I spent some time in Twillingate the other year and I’ve been thinking about it ever since. I even had some semi-serious real estate thoughts when I found a cute little affordable house in Crow Head with a view of the ocean. The scenery, the people, and the relaxed way of life certainly have an appeal that you can see after just a few days. I think Twillingate should be on your Newfoundland bucket list so I’ve put together a guide to help you plan your next trip.
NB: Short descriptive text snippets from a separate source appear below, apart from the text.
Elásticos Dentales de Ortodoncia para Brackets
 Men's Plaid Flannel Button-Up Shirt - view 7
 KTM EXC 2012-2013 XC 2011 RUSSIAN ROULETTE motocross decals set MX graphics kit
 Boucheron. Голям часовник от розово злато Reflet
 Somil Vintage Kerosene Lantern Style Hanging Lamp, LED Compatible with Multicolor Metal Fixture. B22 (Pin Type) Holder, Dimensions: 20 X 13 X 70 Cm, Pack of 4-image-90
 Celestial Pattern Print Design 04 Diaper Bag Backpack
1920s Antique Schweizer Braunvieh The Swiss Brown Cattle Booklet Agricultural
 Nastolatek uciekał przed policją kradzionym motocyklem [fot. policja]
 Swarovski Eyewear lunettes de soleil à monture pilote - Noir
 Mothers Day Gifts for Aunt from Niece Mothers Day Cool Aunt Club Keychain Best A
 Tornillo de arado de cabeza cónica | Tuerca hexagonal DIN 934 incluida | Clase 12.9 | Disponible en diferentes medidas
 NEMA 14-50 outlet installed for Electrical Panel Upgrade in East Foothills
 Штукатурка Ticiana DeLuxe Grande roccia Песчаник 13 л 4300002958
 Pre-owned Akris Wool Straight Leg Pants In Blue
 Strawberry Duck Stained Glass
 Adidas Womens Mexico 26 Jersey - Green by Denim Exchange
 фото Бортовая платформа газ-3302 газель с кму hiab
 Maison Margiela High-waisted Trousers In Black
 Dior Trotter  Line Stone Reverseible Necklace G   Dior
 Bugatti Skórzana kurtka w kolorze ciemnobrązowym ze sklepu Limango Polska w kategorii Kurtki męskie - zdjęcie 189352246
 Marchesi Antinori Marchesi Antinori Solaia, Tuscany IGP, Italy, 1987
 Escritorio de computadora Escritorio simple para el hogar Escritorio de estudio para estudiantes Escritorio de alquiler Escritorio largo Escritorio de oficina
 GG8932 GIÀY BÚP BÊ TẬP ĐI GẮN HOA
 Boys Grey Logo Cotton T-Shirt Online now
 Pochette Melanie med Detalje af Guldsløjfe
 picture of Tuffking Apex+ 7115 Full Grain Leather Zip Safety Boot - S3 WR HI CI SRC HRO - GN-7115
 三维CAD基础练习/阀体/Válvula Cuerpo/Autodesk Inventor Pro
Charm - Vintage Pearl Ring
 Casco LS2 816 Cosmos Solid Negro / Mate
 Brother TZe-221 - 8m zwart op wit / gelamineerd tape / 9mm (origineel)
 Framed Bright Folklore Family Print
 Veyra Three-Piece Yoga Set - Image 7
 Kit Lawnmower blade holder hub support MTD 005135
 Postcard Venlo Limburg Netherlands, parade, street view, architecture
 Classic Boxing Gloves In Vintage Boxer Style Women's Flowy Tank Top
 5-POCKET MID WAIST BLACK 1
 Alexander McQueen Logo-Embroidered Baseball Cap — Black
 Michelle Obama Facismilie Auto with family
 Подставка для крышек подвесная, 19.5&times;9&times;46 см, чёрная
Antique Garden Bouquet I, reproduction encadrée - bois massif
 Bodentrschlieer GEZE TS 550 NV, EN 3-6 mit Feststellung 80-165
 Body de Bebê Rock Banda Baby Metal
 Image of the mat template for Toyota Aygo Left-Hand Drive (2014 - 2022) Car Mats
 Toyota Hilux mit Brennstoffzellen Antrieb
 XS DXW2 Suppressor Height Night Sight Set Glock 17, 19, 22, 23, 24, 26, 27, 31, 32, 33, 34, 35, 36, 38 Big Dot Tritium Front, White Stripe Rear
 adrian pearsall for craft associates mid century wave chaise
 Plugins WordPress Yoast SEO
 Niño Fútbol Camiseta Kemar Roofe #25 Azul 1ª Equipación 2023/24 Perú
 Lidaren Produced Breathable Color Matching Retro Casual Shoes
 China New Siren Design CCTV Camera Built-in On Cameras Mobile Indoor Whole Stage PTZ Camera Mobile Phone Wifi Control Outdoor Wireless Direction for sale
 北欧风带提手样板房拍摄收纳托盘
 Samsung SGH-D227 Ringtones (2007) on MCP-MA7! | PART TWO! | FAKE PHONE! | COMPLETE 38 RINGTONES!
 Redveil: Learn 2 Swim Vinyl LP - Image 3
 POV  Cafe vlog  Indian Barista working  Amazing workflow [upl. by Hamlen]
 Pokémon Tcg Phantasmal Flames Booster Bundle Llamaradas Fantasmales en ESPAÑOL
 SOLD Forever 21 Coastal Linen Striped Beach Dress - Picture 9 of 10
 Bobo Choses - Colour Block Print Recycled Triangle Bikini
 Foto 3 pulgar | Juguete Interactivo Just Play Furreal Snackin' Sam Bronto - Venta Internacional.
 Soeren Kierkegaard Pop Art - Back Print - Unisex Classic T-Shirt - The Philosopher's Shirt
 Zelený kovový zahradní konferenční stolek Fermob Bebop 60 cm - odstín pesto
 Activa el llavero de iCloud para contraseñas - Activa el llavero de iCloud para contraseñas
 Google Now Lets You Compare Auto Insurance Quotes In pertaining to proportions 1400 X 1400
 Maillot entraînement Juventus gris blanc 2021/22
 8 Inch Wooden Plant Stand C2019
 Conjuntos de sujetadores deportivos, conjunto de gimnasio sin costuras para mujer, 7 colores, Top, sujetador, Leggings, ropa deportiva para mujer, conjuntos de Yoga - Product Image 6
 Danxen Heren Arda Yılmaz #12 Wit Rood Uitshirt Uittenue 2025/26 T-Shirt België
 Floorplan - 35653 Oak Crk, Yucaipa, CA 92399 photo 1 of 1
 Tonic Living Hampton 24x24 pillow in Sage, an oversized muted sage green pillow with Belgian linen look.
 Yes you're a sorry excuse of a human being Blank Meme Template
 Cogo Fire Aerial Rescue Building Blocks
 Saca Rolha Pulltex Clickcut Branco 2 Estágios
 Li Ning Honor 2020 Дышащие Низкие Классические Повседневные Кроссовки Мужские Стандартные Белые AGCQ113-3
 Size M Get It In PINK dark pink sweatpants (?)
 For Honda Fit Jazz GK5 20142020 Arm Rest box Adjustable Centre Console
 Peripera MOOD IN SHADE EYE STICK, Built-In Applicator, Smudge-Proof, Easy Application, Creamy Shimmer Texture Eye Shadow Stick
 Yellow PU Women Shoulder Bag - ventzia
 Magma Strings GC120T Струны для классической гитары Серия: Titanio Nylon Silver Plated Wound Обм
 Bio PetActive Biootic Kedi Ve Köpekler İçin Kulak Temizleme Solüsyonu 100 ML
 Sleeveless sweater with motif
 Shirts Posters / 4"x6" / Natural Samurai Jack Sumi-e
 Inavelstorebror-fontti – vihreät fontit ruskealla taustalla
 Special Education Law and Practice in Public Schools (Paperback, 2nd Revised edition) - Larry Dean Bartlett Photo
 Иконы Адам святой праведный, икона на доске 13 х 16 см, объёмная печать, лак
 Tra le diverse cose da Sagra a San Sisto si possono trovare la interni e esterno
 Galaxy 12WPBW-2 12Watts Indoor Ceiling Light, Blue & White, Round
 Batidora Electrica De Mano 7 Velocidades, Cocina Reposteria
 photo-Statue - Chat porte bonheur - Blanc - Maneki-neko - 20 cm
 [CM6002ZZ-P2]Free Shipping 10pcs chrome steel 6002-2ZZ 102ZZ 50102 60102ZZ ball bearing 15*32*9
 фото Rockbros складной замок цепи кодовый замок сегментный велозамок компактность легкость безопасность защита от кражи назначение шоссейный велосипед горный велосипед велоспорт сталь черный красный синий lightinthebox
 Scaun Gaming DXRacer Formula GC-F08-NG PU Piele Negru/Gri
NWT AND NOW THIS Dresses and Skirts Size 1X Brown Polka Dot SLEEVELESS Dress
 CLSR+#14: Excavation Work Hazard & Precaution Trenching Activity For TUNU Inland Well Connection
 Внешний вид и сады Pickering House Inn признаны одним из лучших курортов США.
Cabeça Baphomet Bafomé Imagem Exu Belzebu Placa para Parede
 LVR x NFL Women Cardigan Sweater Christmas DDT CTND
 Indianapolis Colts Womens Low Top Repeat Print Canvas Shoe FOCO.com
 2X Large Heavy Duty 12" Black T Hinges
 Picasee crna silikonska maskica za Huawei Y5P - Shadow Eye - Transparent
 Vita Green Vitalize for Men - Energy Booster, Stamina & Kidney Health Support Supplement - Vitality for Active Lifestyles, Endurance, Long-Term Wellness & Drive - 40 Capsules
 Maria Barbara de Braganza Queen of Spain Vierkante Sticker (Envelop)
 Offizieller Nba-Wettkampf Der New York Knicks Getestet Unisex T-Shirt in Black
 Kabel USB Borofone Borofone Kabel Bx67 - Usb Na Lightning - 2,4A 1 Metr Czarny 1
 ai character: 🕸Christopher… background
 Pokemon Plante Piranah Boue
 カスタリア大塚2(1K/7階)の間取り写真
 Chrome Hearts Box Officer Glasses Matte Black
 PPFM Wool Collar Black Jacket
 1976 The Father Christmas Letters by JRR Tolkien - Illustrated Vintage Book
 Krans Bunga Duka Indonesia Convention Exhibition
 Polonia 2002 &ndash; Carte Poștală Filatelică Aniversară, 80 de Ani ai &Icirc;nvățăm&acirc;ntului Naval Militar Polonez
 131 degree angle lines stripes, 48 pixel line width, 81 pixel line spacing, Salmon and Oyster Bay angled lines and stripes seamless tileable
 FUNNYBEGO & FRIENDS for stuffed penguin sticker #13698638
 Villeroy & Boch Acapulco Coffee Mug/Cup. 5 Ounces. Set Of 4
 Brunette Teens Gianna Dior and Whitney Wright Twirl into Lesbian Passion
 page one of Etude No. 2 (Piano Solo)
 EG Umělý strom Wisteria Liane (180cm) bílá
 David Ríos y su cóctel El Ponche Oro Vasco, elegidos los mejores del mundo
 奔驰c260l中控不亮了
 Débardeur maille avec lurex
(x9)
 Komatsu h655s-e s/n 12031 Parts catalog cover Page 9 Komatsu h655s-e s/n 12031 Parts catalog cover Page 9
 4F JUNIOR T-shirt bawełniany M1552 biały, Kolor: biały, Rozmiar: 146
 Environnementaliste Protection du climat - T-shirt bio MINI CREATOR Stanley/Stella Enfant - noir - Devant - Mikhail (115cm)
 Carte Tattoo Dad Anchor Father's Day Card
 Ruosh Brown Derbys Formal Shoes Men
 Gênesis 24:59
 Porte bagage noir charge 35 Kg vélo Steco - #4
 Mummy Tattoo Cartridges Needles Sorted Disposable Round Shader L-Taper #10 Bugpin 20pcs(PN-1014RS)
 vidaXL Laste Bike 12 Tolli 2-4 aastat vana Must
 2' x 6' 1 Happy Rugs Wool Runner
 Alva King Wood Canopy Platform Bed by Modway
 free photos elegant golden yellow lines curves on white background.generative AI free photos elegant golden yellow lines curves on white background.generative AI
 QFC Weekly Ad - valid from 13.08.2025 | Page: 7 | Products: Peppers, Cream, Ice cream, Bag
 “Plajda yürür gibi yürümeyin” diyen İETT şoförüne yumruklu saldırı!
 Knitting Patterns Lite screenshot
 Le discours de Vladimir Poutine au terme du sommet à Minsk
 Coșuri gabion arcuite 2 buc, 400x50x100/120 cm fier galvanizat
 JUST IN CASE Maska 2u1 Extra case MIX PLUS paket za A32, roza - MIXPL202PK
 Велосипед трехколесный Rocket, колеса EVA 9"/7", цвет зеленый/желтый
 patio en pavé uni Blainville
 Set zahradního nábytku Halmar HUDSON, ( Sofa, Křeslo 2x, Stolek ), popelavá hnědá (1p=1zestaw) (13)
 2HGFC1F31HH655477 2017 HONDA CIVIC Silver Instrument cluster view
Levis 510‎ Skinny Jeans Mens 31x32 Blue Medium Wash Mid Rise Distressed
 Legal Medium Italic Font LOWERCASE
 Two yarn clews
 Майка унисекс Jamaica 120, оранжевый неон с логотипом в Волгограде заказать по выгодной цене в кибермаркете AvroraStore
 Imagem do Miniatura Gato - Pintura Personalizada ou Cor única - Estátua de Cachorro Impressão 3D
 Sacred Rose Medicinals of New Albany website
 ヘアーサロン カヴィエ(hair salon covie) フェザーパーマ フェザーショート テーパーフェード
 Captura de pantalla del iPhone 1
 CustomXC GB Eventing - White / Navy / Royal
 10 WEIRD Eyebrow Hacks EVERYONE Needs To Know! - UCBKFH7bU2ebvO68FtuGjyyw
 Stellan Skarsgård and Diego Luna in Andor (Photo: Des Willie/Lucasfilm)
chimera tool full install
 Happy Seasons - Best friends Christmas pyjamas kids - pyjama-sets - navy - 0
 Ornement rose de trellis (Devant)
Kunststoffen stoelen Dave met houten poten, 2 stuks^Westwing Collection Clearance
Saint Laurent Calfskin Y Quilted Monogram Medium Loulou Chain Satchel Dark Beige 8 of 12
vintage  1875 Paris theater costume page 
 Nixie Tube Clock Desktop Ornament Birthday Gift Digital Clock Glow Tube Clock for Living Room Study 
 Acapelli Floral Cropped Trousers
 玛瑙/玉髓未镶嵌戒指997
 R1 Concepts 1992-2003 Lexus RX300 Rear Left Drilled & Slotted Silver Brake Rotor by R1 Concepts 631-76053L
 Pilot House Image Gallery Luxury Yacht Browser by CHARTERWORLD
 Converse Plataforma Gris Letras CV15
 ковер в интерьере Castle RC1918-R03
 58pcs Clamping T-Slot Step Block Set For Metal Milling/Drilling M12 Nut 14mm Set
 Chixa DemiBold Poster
Keep in mind that many businesses are seasonal and will only be open between May and October so it’s best to check with them directly if you’re visiting outside of those months.
Where is Twillingate?
Twillingate is a town of 2200 people located on a series of islands in Notre Dame Bay on the North Western coast of the province. You may recognize the name from the lyrics of the popular folk song, I’se the B’y as part of the Fogo-Twilling-Morton’s Harbour circle of towns.
How to get to Twillingate?
Twillingate is an approximate 5 hour drive from the capital of St. John’s or a 4.5 hour drive from Gros Morne National Park. In order to visit Twillingate you’ll ultimately want your own vehicle. While it’s possible to get there from Gander with the Central Express shuttle (1-709-422-2647) you won’t be able to fully explore the area without private transportation.
Be sure to book your rental early if visiting in the summer as supply is limited and gets booked early.
Where to Stay in Twillingate
There is a grand total of one hotel, one motel, and one hostel in Twillingate. But there are over 20 B&Bs and over 20 cottages available. During the high season it’s not uncommon for things to get booked up so be sure to plan your trip early.
Many of the 22 spacious rooms at this 4-star hotel offer great ocean views and all are tastefully decorated with full hotel amenities. Also, between Georgie’s Restaurant and Blue Barrel Cafe on site you’ll be well fed.
North 99 Motel has 4 brand new rooms to accommodate you. They make the most out of a small space by including a queen size murphy bed, which tucks away during the day when you may want more floor space. They also have a bar and pub on site.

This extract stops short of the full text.